>>>>>

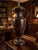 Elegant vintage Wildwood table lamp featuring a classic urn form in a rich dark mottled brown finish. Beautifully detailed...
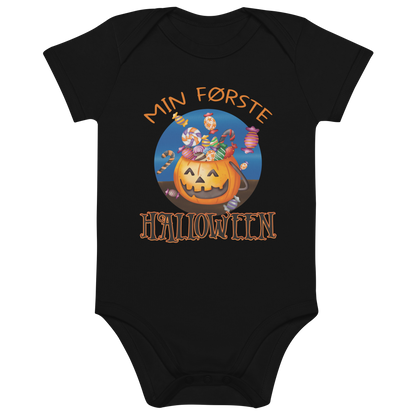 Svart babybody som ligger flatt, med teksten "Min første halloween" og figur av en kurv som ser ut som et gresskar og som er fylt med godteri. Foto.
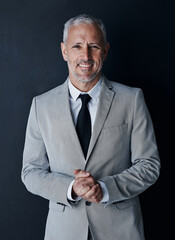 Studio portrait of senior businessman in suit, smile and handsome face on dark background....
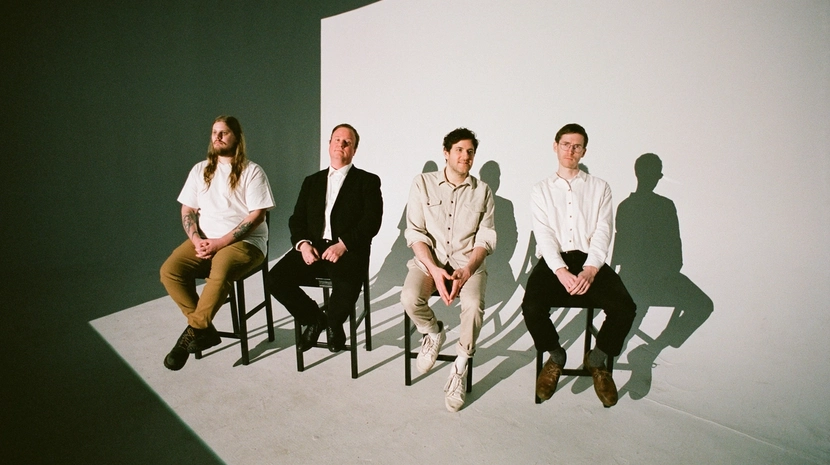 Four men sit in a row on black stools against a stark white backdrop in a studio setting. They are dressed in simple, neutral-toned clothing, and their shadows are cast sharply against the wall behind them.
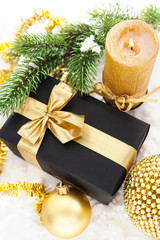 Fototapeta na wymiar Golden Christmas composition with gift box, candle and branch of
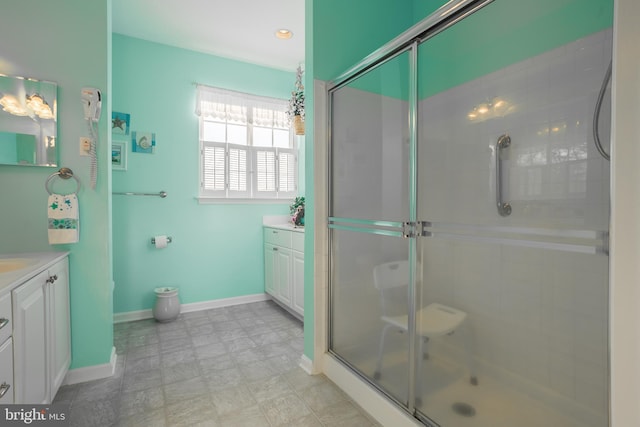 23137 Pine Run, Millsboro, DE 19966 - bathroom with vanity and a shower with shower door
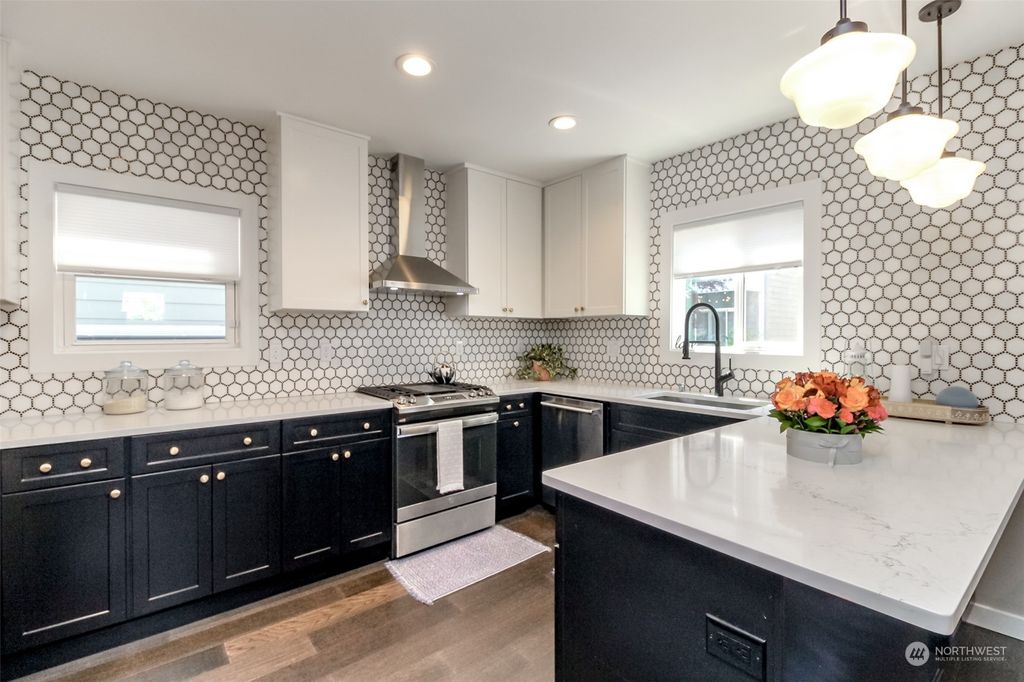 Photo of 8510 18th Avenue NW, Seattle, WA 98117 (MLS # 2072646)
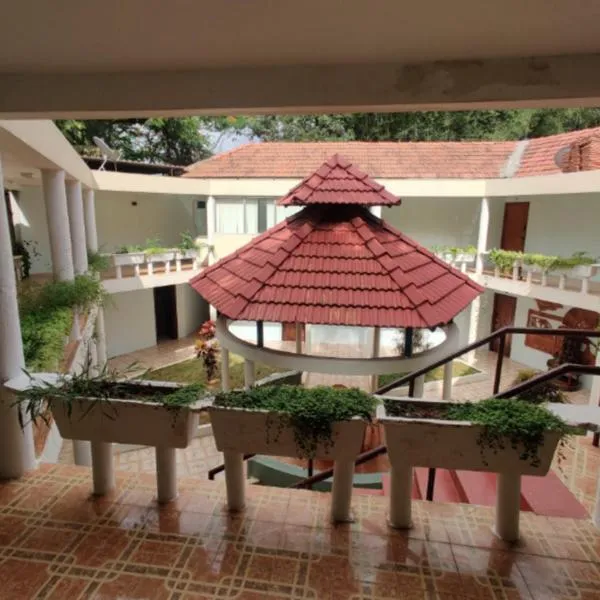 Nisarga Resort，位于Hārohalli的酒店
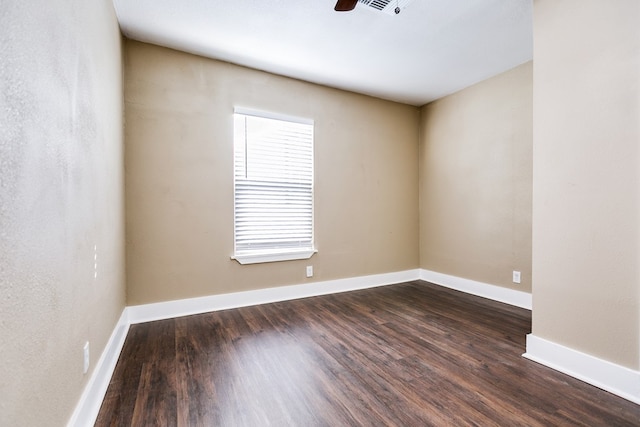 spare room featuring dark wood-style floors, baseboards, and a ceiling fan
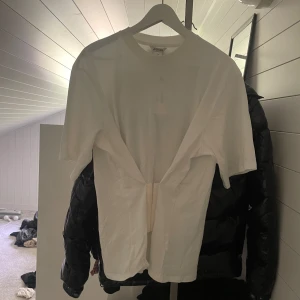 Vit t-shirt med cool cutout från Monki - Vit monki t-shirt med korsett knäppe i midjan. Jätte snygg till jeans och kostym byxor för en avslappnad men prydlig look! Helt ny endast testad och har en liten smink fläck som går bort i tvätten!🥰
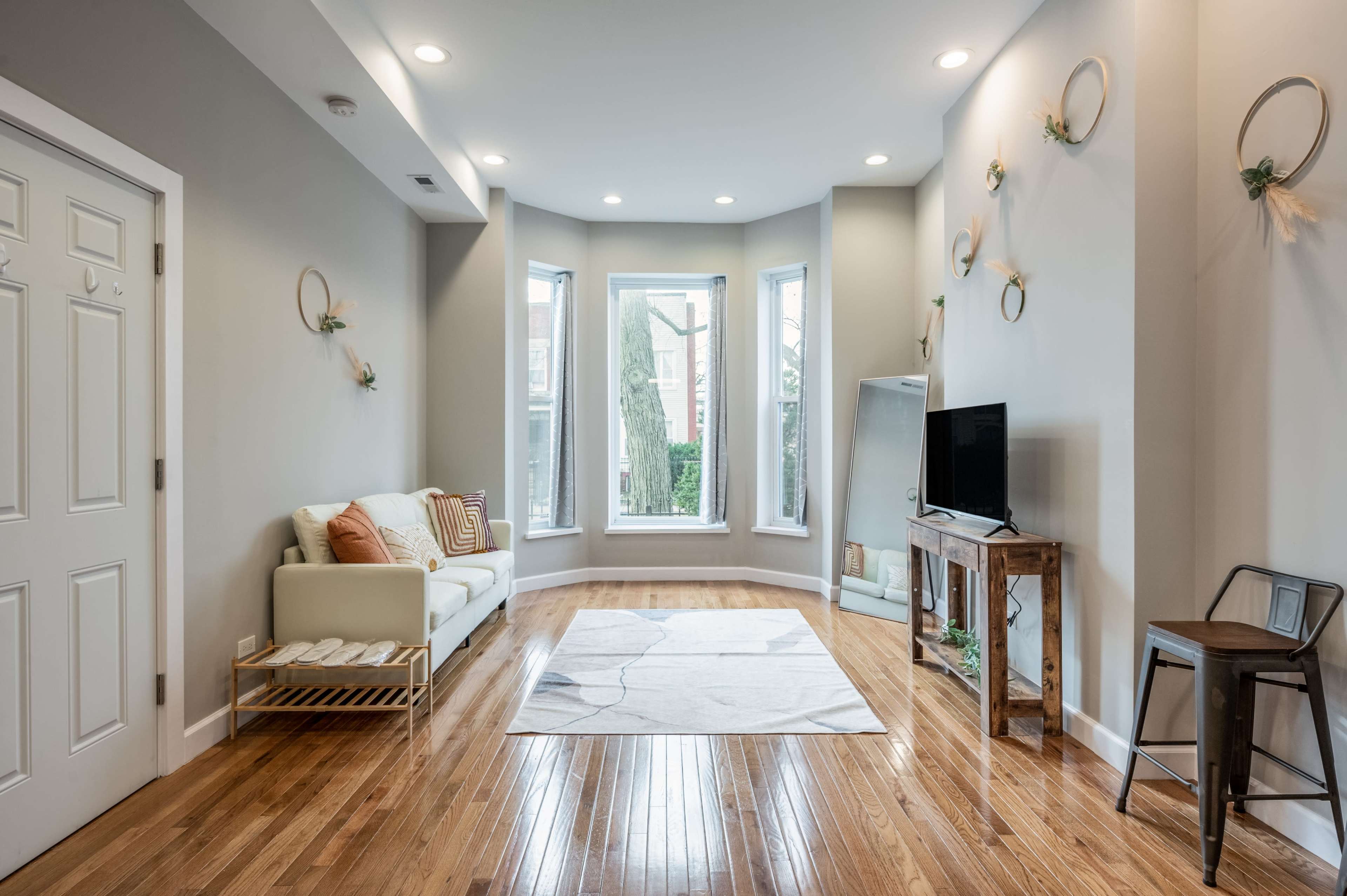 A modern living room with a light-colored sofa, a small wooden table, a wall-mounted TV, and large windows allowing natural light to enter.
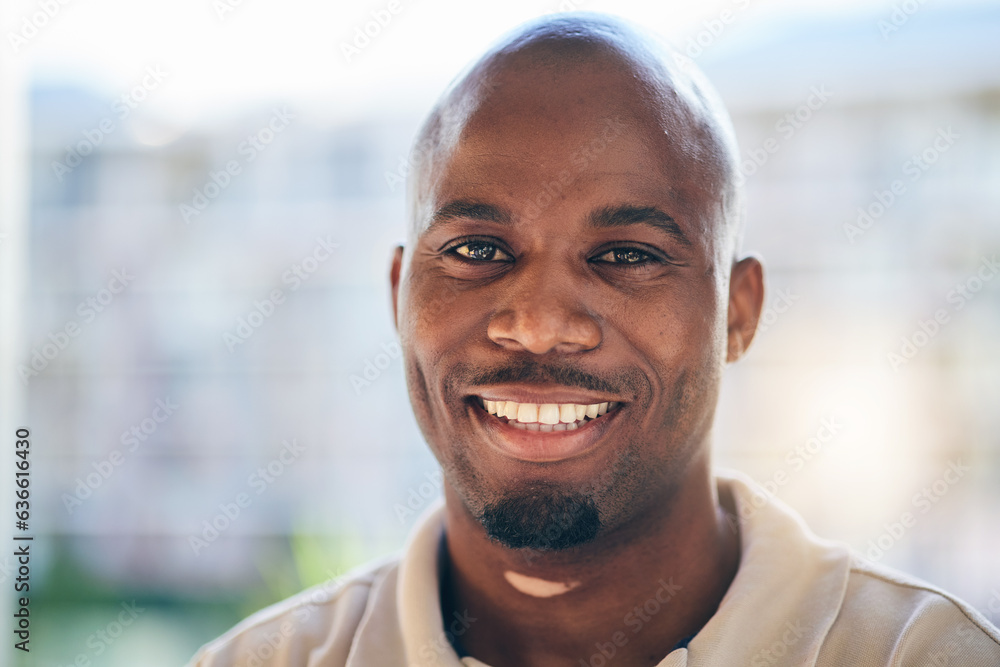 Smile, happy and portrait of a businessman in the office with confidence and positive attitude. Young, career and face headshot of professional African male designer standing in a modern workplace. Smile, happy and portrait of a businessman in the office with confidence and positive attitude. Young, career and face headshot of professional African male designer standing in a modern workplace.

<<<<<

Return exactly the stretch above whose first line contains "Nisarga Resort，位于Hārohalli的酒店" and whose last line contains "Vit t-shirt med", and nothing outside it. The pictures should not appear.

 Nisarga Resort，位于Hārohalli的酒店
 spare room featuring dark wood-style floors, baseboards, and a ceiling fan
 Vit t-shirt med cool cutout från Monki - Vit monki t-shirt med korsett knäppe i midjan. Jätte snygg till jeans och kostym byxor för en avslappnad men prydlig look! Helt ny endast testad och har en liten smink fläck som går bort i tvätten!🥰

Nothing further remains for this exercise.